A second type of the expression image synthesizing method may separately analyze an expression feature of an expression image, acquire a new expression feature based on the expression feature obtained through a correction analysis, and acquire a new expression image by fusing the new expression feature and an original expression image. The new expression image acquired based on the second type of the method may be similar to a real expression image.
An expression feature α of a human facial expression image may be analyzed, a new expression feature may be acquired by setting a control constant k and calculating an expression feature kα, and a new human facial expression image may be created by adjusting the human facial expression image.
In response to the control constant k being greater than 1, the expression feature kα may be associated with a stronger expression than the expression feature α. For example, a laughing expression is stronger than a smiling expression.
In response to the control constant k being greater than 0 and less than 1, the expression feature kα may be associated with a weaker expression than the expression feature α. In response to k corresponding to 0.5, an example of the new human facial expression image created based on the second type of the expression image synthesizing method is as illustrated in
Referring to
In operation 101, an image processing apparatus acquires an expression feature of each of at least two reference facial expression images. A reference facial expression image may be understood as a standard facial expression image such as a smile, frown, grimace, or other standard facial expression contained within an image. The expression features of the at least two reference facial expression images may be, according to embodiment, associated with a substantially identical type. In response to at least two reference facial expression images being associated with at least two types of expression features being used, unique facial expression images may be synthesized.
In operation 102, the image processing apparatus acquires a new expression feature based on an interpolation value of the expression feature of each of the at least two reference facial expression images.
In an example, an interpolation value parameter is heuristically acquired, such as by aggregate analysis, such as by back propagating, deep learning employing a neural network, or seeding a pseudorandom function according to embodiment, and a new expression feature is acquired or generated based on the interpolation value parameter. Even though reference facial expression images are substantially identical, different interpolation value parameters are substantially randomly (such as by pseudorandom generation) acquired whenever facial expression images are synthesized and thus, different facial expression images may be synthesized by acquiring different new expression features. An interpolation value parameter may indicate a value preset by a user, by neural network/deep learning, programmatically acquired, or generated based on heuristic analysis, according to embodiment.

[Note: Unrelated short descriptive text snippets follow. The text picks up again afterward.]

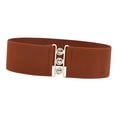 thumbnail image 2 of Milageto Wide Elastic Belt Cinch Female Simple Decoration Dress Belt for Women Ladies Brown, 2 of 8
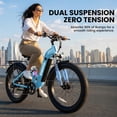 thumbnail image 5 of ESKUTE C300 1500W Electric Bike for Adults, 48V 20.8Ah Battery, 32MPH, 80 Miles Range, 26"x4.0" Fat Tire Step-Thru Ebike, Full Suspension Electric Bicycle, 8-Speed Blue, UL2849, 5 of 9
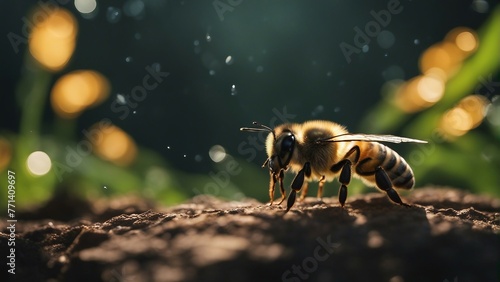 Generative AI. Close up shot of Honey Bee on the flower in a serene environment sucking nector. photo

In another example, a new expression feature is acquired based on an expression feature interpolation value of each of at least two reference facial expression images using Equation 1, for example.
αn+1=c1α1+c2α2+ . . . +ciαi+ . . . +cnαn [Equation 1]
Here, αn+1 denotes a new expression feature, ci denotes an interpolation value parameter, 1≤i≤n, 0<ci<1, and c1+c2+ . . . +ci+ . . . +cn=1 are satisfied, αi denotes an expression feature of the reference expression image i, n denotes a number of reference expression images, and n is greater than or equal to 2.
In still another example, one of at least two reference facial expression images is set as a target facial expression image. The target facial expression image is closely related to a new expression feature. The facial expression image acquired or generated using the target facial expression image may be significantly more natural and realistic based on objective features and subjective human/deep learning analyses.
At least two reference facial expression images may be independent of the target facial expression image, according to embodiment. For example, the target facial expression image may not include a smiling expression, and the at least two reference facial expression images may include a laughing expression. Here, a new expression feature of the laughing expression may be generated based on a value of expression feature difference between the at least two reference facial expression images, and a smiling expression may be included in the target facial expression image by adjusting the target facial expression image based on the new expression feature, according to embodiment.
Hereinafter, detailed description of an interpolation value and a new expression feature are further provided.
An expression feature of one target facial expression image and an expression feature of one reference facial expression image may be acquired. An expression feature of each of two reference facial expression images may be acquired, and one of the two reference facial expression images may be set as the target facial expression image. Also, a new expression feature may be acquired based on an interpolation value of the expression feature of the target facial expression image and the expression feature of the reference facial expression image using Equation 2, for example.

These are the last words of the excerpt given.